**WHAT YOU NEED TO DO**
Output the whole listing exactly, with no pictures.

**DATA FOR REVIEW**
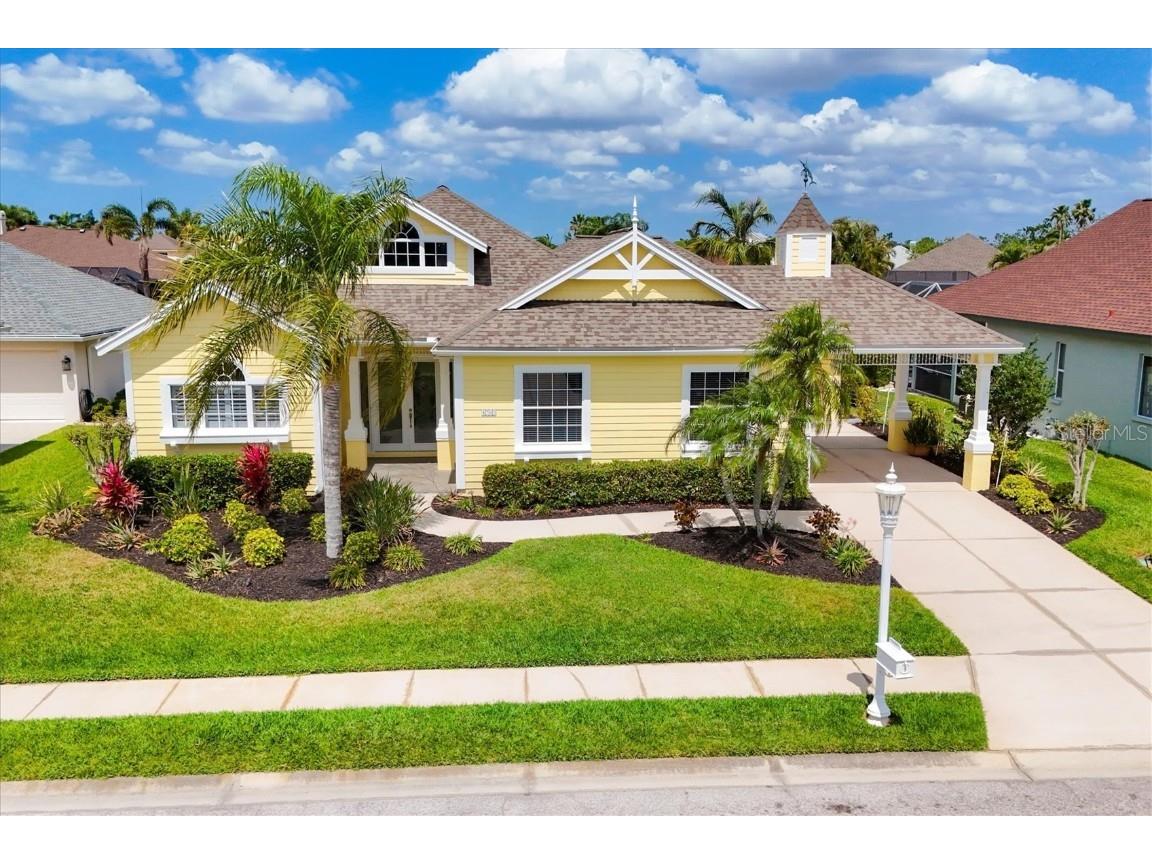 4743 Compass Drive Bradenton FL 34208 TB8370563 image1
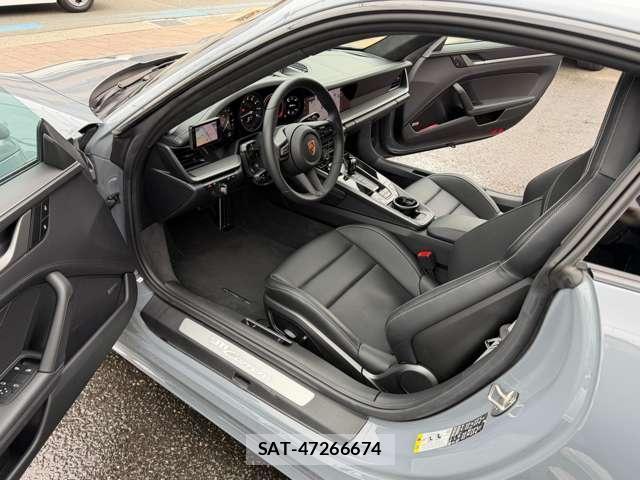 Porsche 911 2024-03 7818728-9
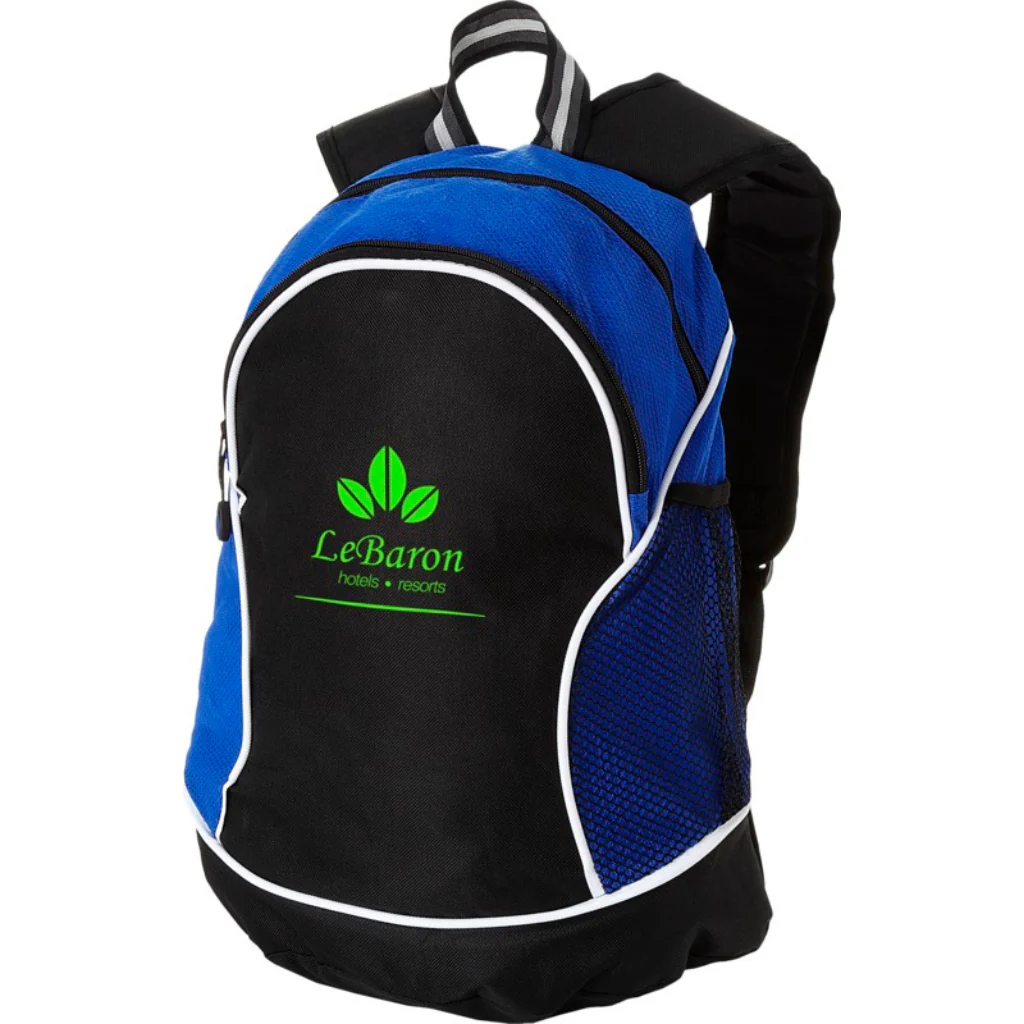 Boomerang backpack 22L - Image 2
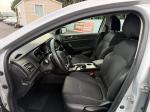 renault-megane-2017-diesel-1461cc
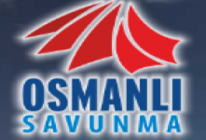 Osmanlı Savunma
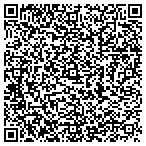 QR code with Limbwalkers Tree Service contacts
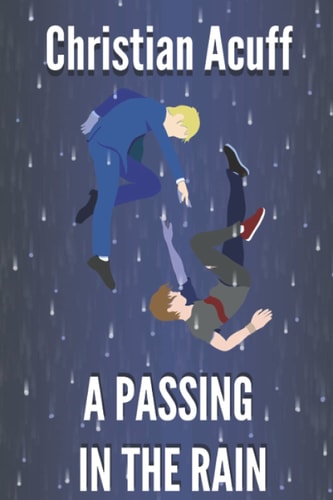 A Passing in the Rain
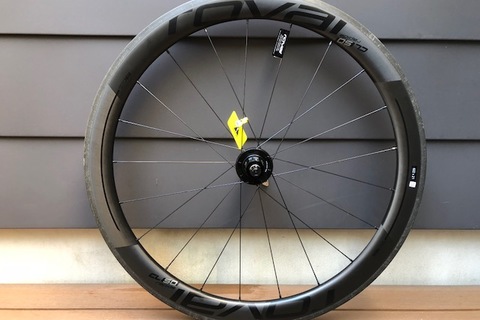 まだ間に合います！ROVALキャンペーン！！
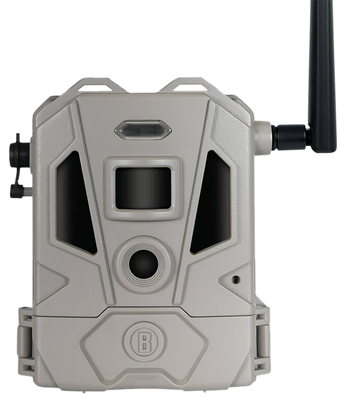 Bushnell  Bush 119904d Cellucore 20 Dual Sim Tan Box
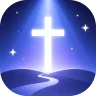 Bible：Quiz & Prayer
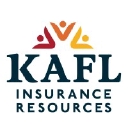 Kafl Insurance Resources, Inc. logo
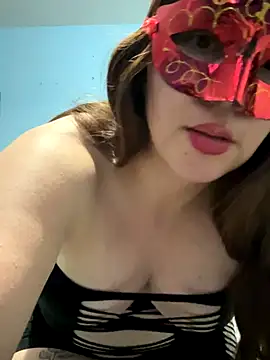 Snapshot of wondeful_lee9 chatting on 11/03/25, 05:03 wondeful lee9 online show from 11/03/25, 05:03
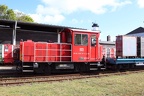 399 107i Bhf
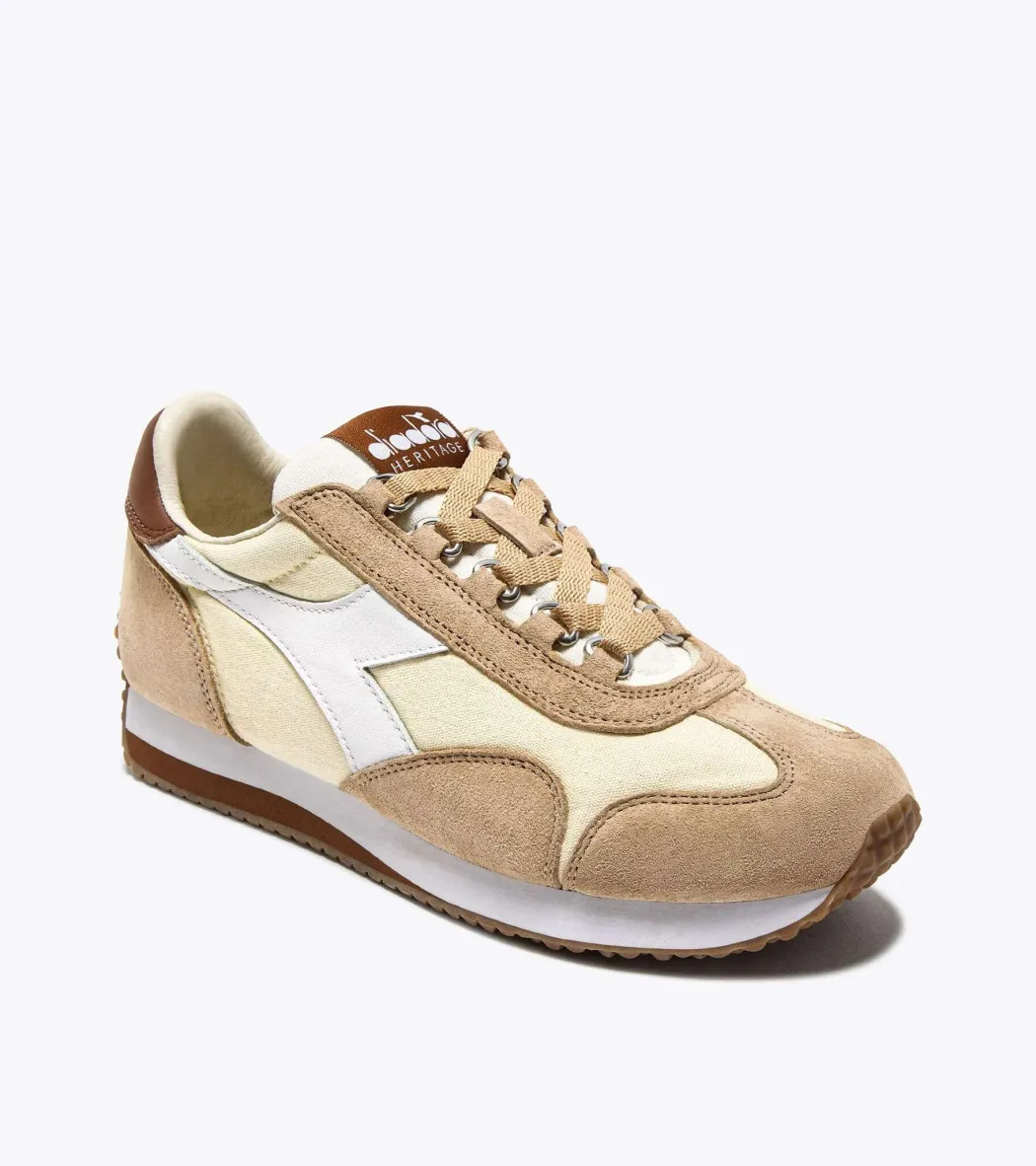 DIADORA SNEAKERS Primavera/Estate | Soreca Shop Online Napoli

**FINAL ANSWER**
 4743 Compass Drive Bradenton FL 34208 TB8370563 image1
 Porsche 911 2024-03 7818728-9
 Boomerang backpack 22L - Image 2
 renault-megane-2017-diesel-1461cc
 Osmanlı Savunma
 QR code with Limbwalkers Tree Service contacts
 A Passing in the Rain
 まだ間に合います！ROVALキャンペーン！！
 Bushnell  Bush 119904d Cellucore 20 Dual Sim Tan Box
 Bible：Quiz & Prayer
 Kafl Insurance Resources, Inc. logo
 Snapshot of wondeful_lee9 chatting on 11/03/25, 05:03 wondeful lee9 online show from 11/03/25, 05:03
 399 107i Bhf
 DIADORA SNEAKERS Primavera/Estate | Soreca Shop Online Napoli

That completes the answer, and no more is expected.